----- Material provided -----

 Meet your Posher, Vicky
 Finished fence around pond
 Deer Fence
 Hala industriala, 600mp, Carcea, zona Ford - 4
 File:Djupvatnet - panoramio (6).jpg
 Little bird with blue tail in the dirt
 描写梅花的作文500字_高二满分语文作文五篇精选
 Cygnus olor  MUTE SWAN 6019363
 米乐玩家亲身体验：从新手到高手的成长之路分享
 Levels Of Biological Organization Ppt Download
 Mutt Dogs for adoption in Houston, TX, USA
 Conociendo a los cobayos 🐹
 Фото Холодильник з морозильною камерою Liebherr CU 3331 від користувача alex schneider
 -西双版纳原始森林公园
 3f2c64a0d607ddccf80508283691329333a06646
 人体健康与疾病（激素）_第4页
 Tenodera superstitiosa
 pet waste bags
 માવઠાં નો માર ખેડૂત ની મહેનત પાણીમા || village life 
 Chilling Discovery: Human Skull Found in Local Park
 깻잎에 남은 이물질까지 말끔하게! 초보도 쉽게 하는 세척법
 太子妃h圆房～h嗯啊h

-----

Activity: Print the lines of the material, exactly and only, from the line that contains "米乐玩家亲身体验：从新手到高手的成长之路分享" down to and including the final line.

Output for this task:
 米乐玩家亲身体验：从新手到高手的成长之路分享
 Levels Of Biological Organization Ppt Download
 Mutt Dogs for adoption in Houston, TX, USA
 Conociendo a los cobayos 🐹
 Фото Холодильник з морозильною камерою Liebherr CU 3331 від користувача alex schneider
 -西双版纳原始森林公园
 3f2c64a0d607ddccf80508283691329333a06646
 人体健康与疾病（激素）_第4页
 Tenodera superstitiosa
 pet waste bags
 માવઠાં નો માર ખેડૂત ની મહેનત પાણીમા || village life 
 Chilling Discovery: Human Skull Found in Local Park
 깻잎에 남은 이물질까지 말끔하게! 초보도 쉽게 하는 세척법
 太子妃h圆房～h嗯啊h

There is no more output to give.